Since the San Francisco Bay area is filled with start-ups launched by former Genentech talent, I would expect to see more Genentechers going the start-up route. At a minimum, Roche faces a tough integration challenge .
On the iShares side, the issues – given the fact that the industries are different – are strangely similar. While there is no iShares retention plan in place – at least none publicly announced – as noted above iShares employees who were participants in a Barclays Global Investors stock compensation scheme known as the Employee Equity Plan will receive payouts. While no EOP options were apparently issued in 2008 there is likely considerable potential value for employees. Details of some of the transaction details can be found here . The deal for iShares is expected to close in November 2009.
One of the early big issues for CVC Capital partners is who, if anyone at iShares, to lock-in with some sort of retention scheme. While the financial services job marketplace is lousy, not unlike the options open to Genentech employees, some iShares employees will have ample cash from the BGI EOP plan to take some time off and wait until the job market improves. In particular this includes senior managers like Lee Kranefuss and Mike Latham, who have built iShares into the market leader it is today.
Unlike Roche with Genentech, CVC Capital / iShares will need to figure out the myriad of details that it takes to set up and run a standalone company. While iShares may have chafed – as many operating divisions due – under the parent umbrella of BGI, iShares will now to figure out everything from employee benefit plans to who picks up the mail – in other words all the stuff of real start-ups.
In both the case of Genentech and iShares you can be assured that the telephones and Blackberries (more likely iPhones in the case of Genentech) are working overtime as competitor companies try to poach the creme of the talent crop before that talent gets locked in for a time.

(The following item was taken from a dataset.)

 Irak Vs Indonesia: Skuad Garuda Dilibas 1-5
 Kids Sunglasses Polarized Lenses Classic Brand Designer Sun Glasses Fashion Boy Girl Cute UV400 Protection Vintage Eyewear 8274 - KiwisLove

I hope these acquisitions go well. There are great people at both iShares and Genentech, and I hope whatever happens works out well for them. The road, unfortunately, is pretty spotty with the success of most acquisitions – which bodes badly for Roche. iShares case is somewhat different since it’s a matter of a different parent company and the matter will really turn on how well CVC Capital Partners manages their new possession.